### Assignment
All that is wanted is the exact text of the lines below from the one with "From Hand to Mouth (1919) poster" through the one with "on the homepage", inclusive, minus any pictures.
>>>
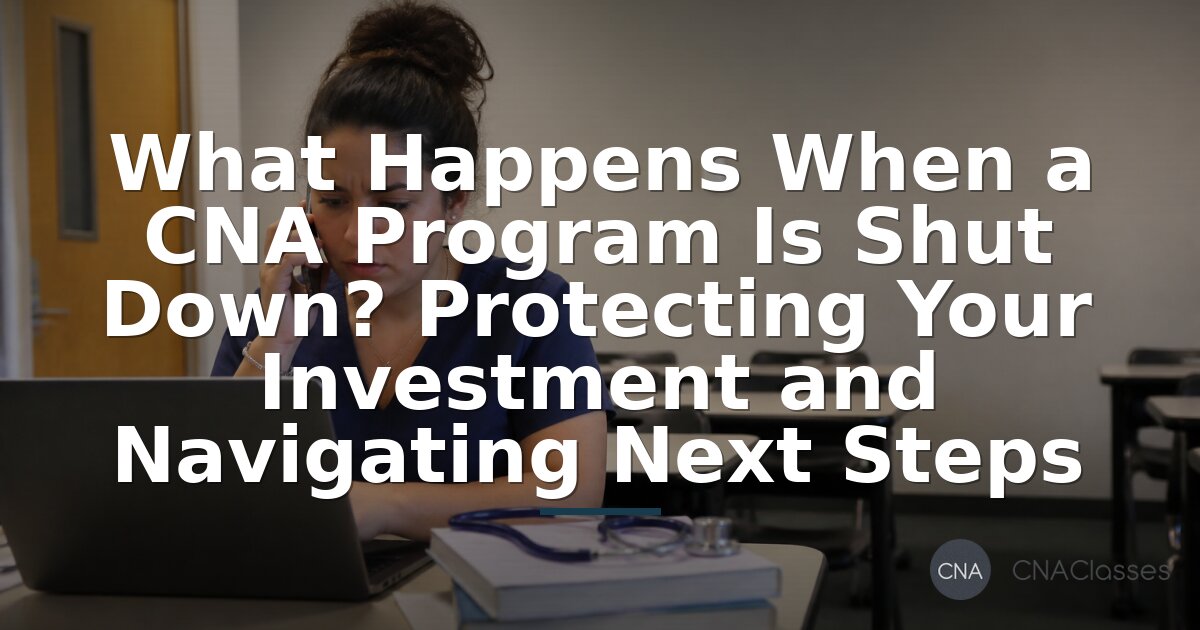 CNA Program Shut Down? Next Steps to Protect Your Training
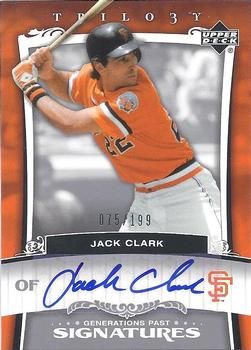 2005 Upper Deck Trilogy - Generations Past Signatures Silver #PA-JC Jack Clark Front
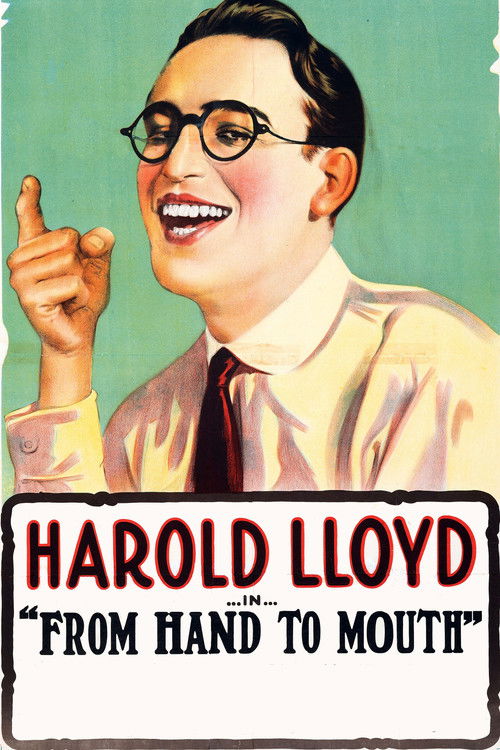 From Hand to Mouth (1919) poster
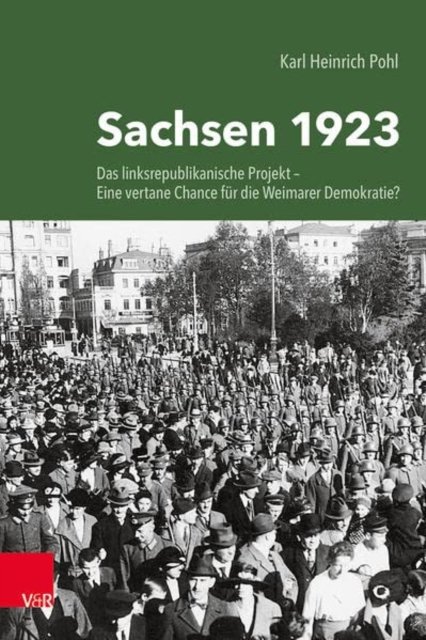 Cover for Karl Pohl · Sachsen 1923: Das linksrepublikanische Projekt -- eine vertane Chance fur die Weimarer Demokratie? (Hardcover Book) (2022)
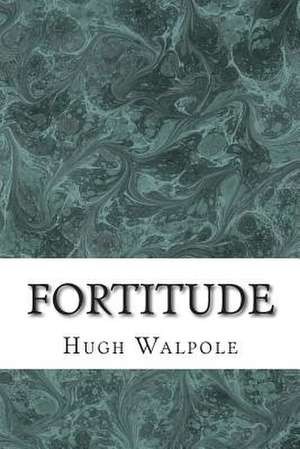 Fortitude de Hugh Walpole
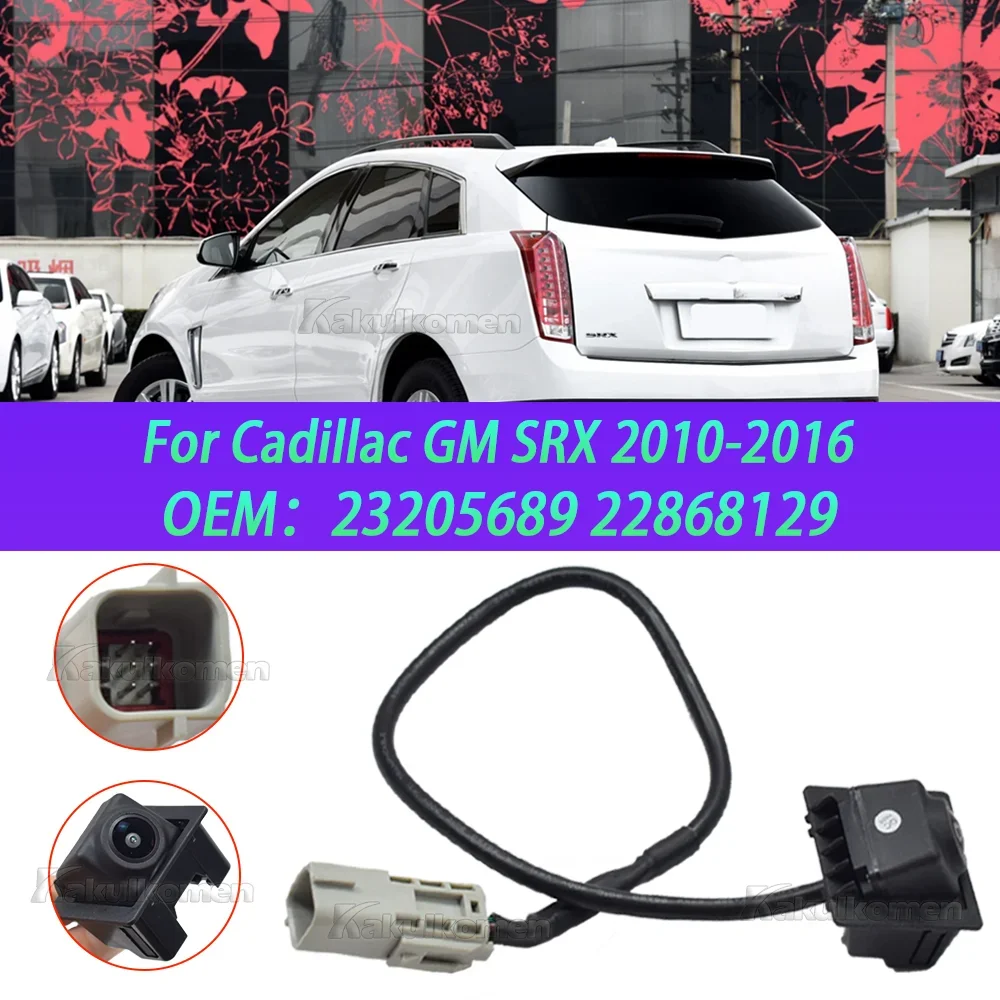 Car Rear View Camera Park Assist For Cadillac GM SRX 2010-2016 23205689 22868129 Tailgate Backup Reverse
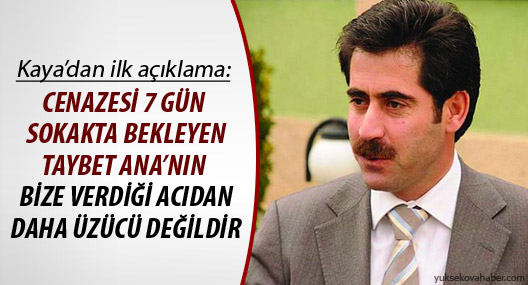 Kaya'dan ilk açıklama:Taybet Ana'nın acısından daha üzücü değildir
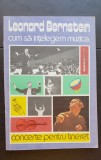 Cum să &icirc;nțelegem muzica. Concerte pentru tineret - Leonard Bernstein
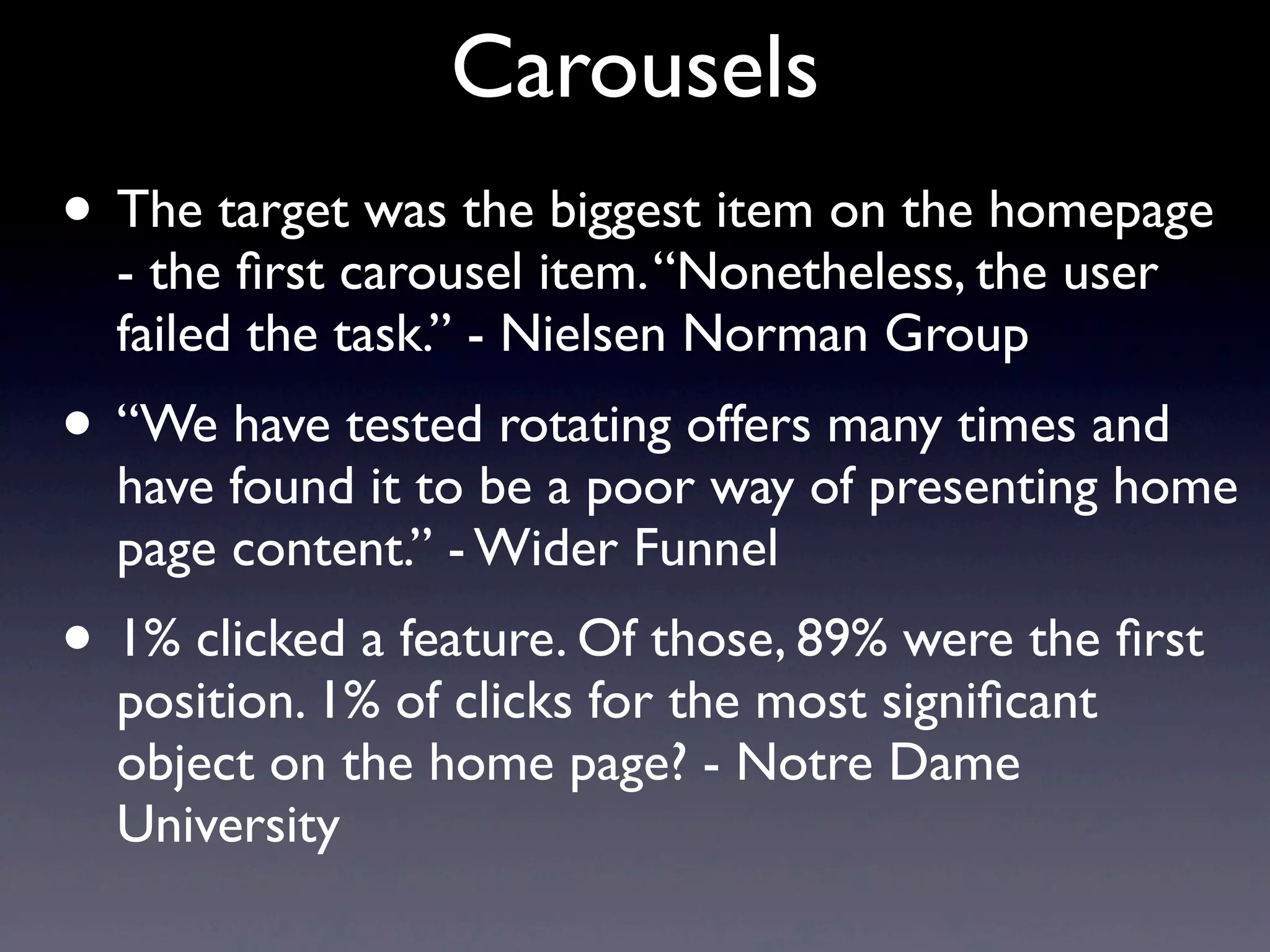 Carousels
• The target was the biggest item on the homepage
- the ﬁrst carousel item.“Nonetheless, the user
failed the task.” - Nielsen Norman Group
• “We have tested rotating offers many times and
have found it to be a poor way of presenting home
page content.” - Wider Funnel
• 1% clicked a feature. Of those, 89% were the ﬁrst
position. 1% of clicks for the most signiﬁcant
object on the home page? - Notre Dame
University
 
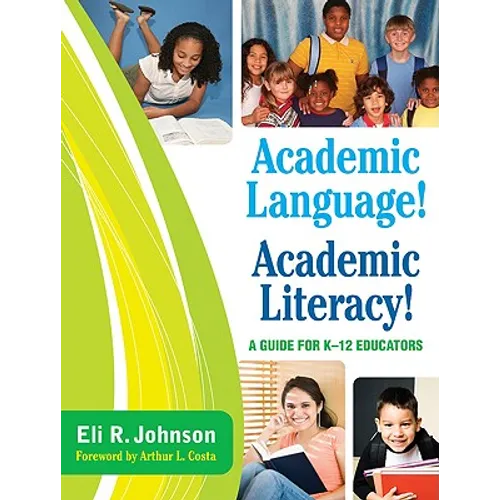 Academic Language! Academic Literacy!: A Guide for K-12 Educators - Paperback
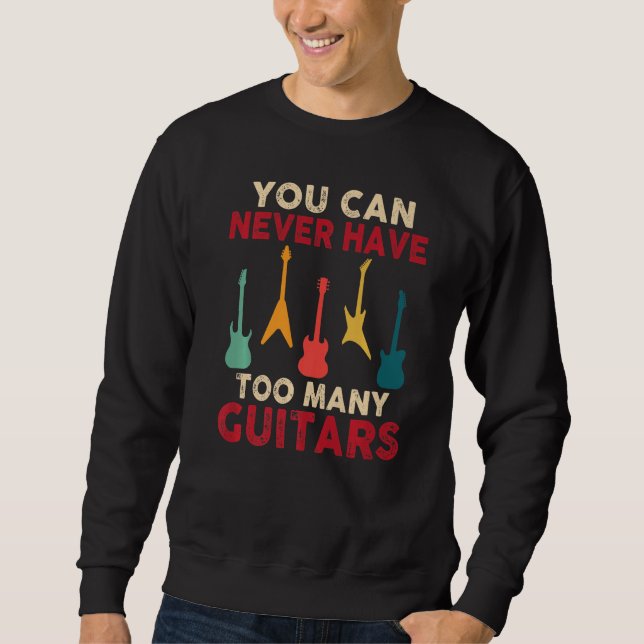 Sweatshirt You Can Never Have Too Many Guitars Funny Guitaris (Devant)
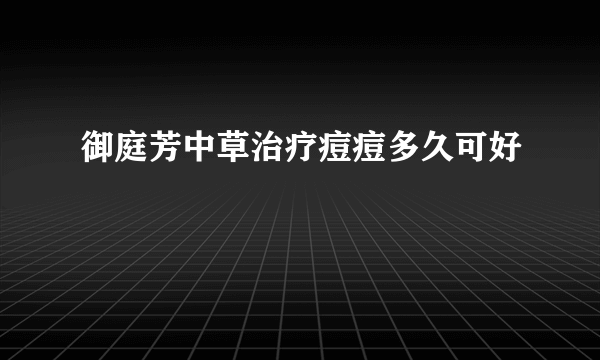 御庭芳中草治疗痘痘多久可好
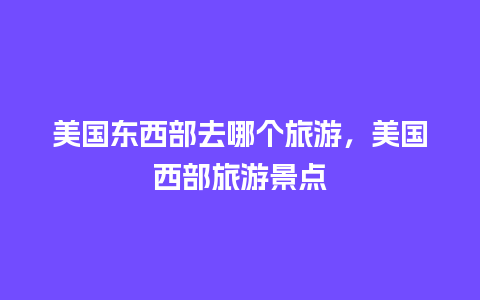 美国东西部去哪个旅游，美国西部旅游景点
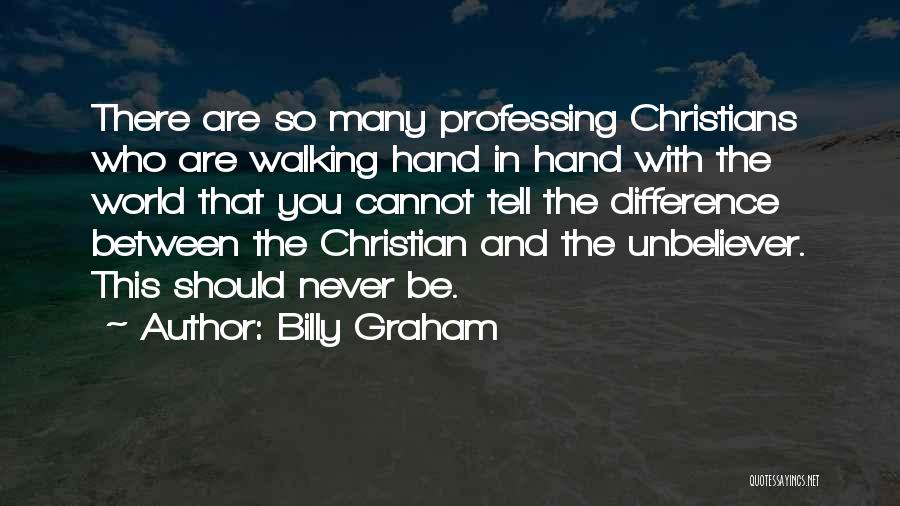 Walking Hand In Hand Quotes By Billy Graham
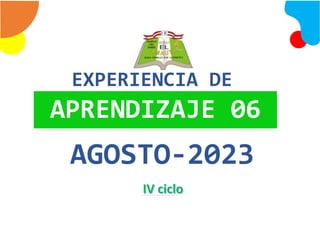 EXPERIENCIA DE
APRENDIZAJE 06
0 0
AGOSTO-2023
 
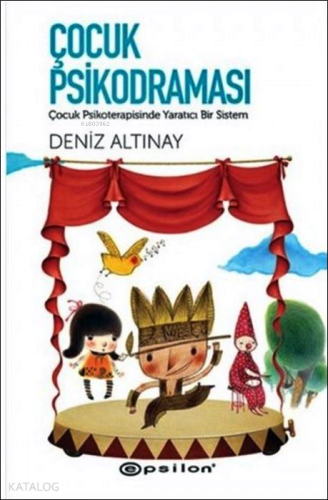 Çocuk Psikodraması;Çocuk Psikoterapisinde Yaratıcı Bir Sistem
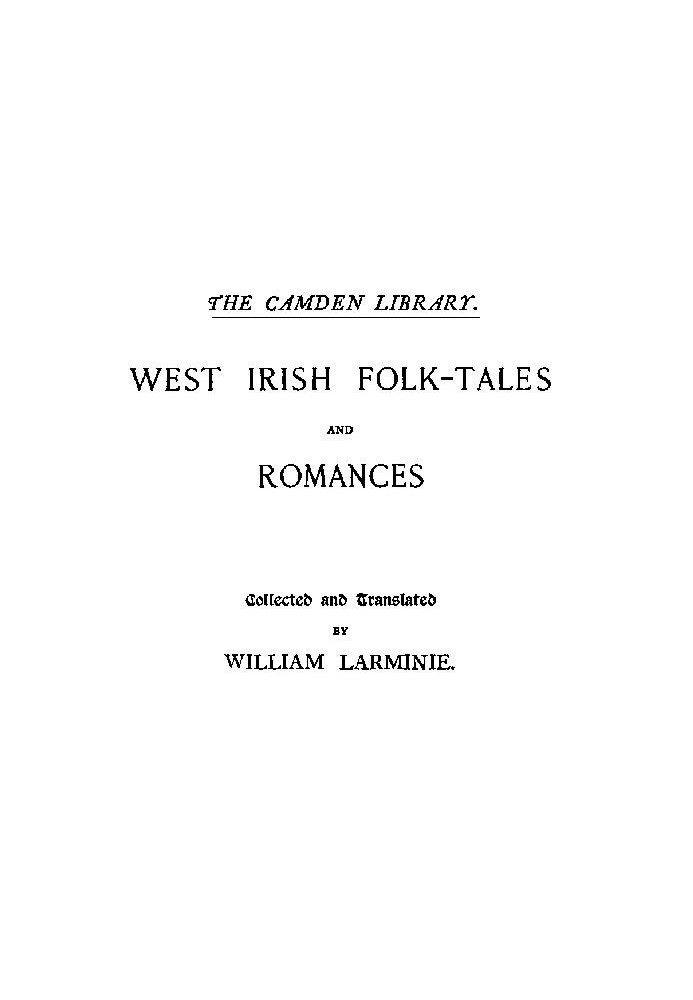 West Irish Folk-Tales and Romances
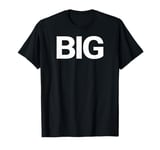 That Says Big Shirt - A Design That Says Big T-Shirt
<<<
### Output
 From Hand to Mouth (1919) poster
 Cover for Karl Pohl · Sachsen 1923: Das linksrepublikanische Projekt -- eine vertane Chance fur die Weimarer Demokratie? (Hardcover Book) (2022)
 Fortitude de Hugh Walpole
 Car Rear View Camera Park Assist For Cadillac GM SRX 2010-2016 23205689 22868129 Tailgate Backup Reverse
 Kaya'dan ilk açıklama:Taybet Ana'nın acısından daha üzücü değildir
 Cum să &icirc;nțelegem muzica. Concerte pentru tineret - Leonard Bernstein
 Carousels
• The target was the biggest item on the homepage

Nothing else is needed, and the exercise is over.